LES SEULES VRAIES LOIS

Les seules lois qui méritent ce terme sont celles de la physique. Par exemple, celle de la pesanteur, qui nous ramène à la gravitation, au cours des planètes, et plus loin encore. Celle-là, accompagnée de quelques autres du même tonneau, règle imperturbablement nos vies. Lois des échanges d’énergie, des équilibres entre acides et bases, oxygène et gaz carbonique, facteurs de coagulation et de fluidité du sang de nos organismes, etc. Telles sont les vraies lois de la vie, la nôtre, celles des plantes, des animaux, des minéraux, jusqu’aux atomes qui nous constituent.

LES NORMALISATEURS ÉTATIQUES

Le grand mensonge des normalisateurs étatiques est multiple. Il commence par imposer des contraintes à la technique. Nous avons vu que certaines d’entre elles sont vraiment nécessaires. Mais combien d’entre elles s’adaptent aux nécessités du marché, combien de groupes de pression à Bruxelles qui ne sont même plus embusqués, qui ne se cachent pas, voire s’enorgueillissent d’avoir bureaux ouverts à la fanatique Commission Vanderleyenesque et même de lui préparer ses diktats. Le second grand mensonge, répété par des perroquets, est de justifier cet emprisonnement normatif par les fameuses formules incantatoires de l’autorité bienveillante dont personne n’a rien à faire.

Je ne multiplierai pas les exemples, mais nous devons penser les péripéties du Covid sous cet éclairage. Combien de pressions et de récompenses pour tous ceux qui ont banni des médicaments efficaces et utilisés correctement depuis des dizaines d’années ! Combien de vedettes des écrans pilotées par Mc Kinsey accumulant les traîtrises envers la grande tradition hippocratique pour satisfaire les appétits de puissance de politiques dévoyés et d’affairistes aux dents de requins. Tout cela n’est qu’une accumulation de normes, jusqu’aux fameux « gestes barrières » grâce auxquels le dernier des bureaucrates terni dans son antre se voyait doté d’un pouvoir de police exorbitant. Et tous ces masqués continuent de respirer du gaz carbonique sans réfléchir un instant qu’ils sont devenus les cobayes d’un système pervers.

Bref, normes sur normes imposées par un jacobinisme centralisateur qui n’a jamais cessé d’imposer contre toute représentation légitime un pouvoir de mort donné à quelques illuminés meneurs d’un troupeau de moutons enragés.

LES NORMES COMME PROPRIÉTÉS INTELLECTUELLES DES CONCEPTEURS

En réalité il ne faut pas confondre les normes étatiques et les normes utilitaires du premier niveau de fabrication. Pensons-y comme un parallèle avec les trois niveaux de prévention détaillés dans un article précédent. Une normalisation technique doit rester une prise en compte de contraintes techniques indispensables pour assurer la meilleure utilisation possible d’un produit, depuis sa fabrication (niveau 1), son transport et sa commercialisation (niveau 2) jusqu’à son usage final (niveau 3). Un État ne devrait intervenir que dans un principe de subsidiarité bien compris, à savoir après que les premières étapes ont réglé tous les problèmes qui leur incombent directement.

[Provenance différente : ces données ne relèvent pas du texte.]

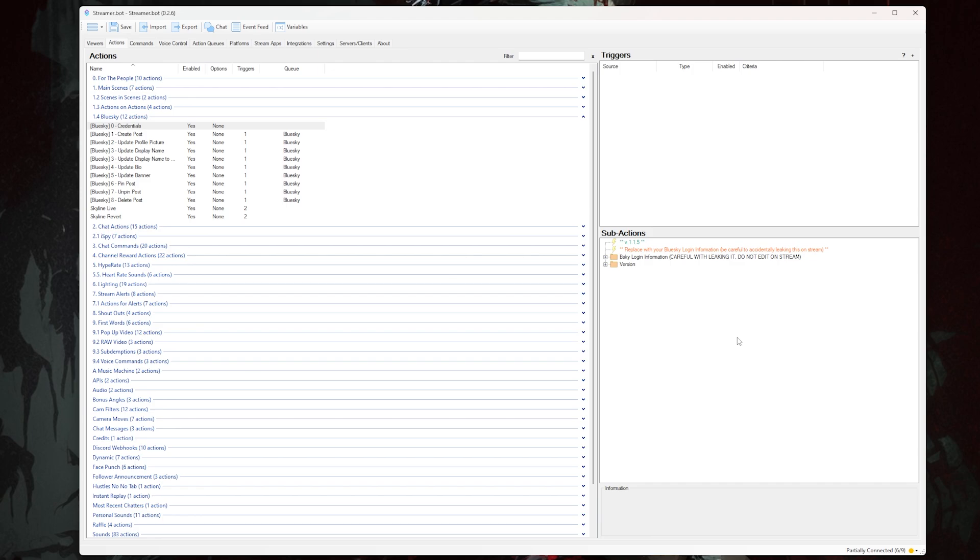We're going to go through each of these actions in order so we shouldn't get too lost along the way. The first and most important action is credentials. In here, you need to add in your Blue Sky username and password. I cannot show you mine because then you could connect to my account and post on my behalf, and I just don't trust you like that. So just listen carefully and follow along.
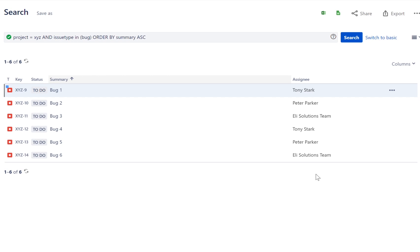And this is how you can use Jira automation to auto-assign tickets. We hope you enjoyed this video. Please subscribe if you would like to be notified of new Jira tutorials.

Aucun industriel digne de ce nom n’empilera du carton imbibé d’essence auprès d’une coulée de métal en fusion. Aucun mécano n’utilisera une clef de trois kilos pour serrer un écrou de 8. Aucun transporteur ne livrera un colis de cinq kilos avec un camion vide de 32 tonnes, et aucun utilisateur sain et averti ne se lavera les mains à l’acide chlorhydrique.

Aucun pompier ne part éteindre un incendie sans son casque, ses vêtements de protection, etc. Par contre, nous voyons un État qui recule chaque jour davantage face aux dangers et agressions subis par les même pompiers dans leur fonction.

LES PIRES DES NORMES : LES « PROCESS » QUI RÉGENTENT LES PRATIQUES HUMAINES

Ce terme plus qu’anglophone, donc théoriquement à bannir de la francophonie, nous est arrivé par le latin, sous sa forme « processus ». Le verbe correspondant, procedere, donne l’idée d’avancer, de progresser. Il s’agit donc d’une marche à suivre, ordonnée selon des étapes, des paliers, vers un but défini, par les meilleurs chemins possibles.

À priori rien ne s’oppose à cette belle idée, tant que le terrain peut en reconnaître et en contester les faux pas. Il existe certes des séances de retour d’expérience, mais la prise de parole n’y est pas toujours facile, et surtout, ces séances se passent hors travail, après le travail.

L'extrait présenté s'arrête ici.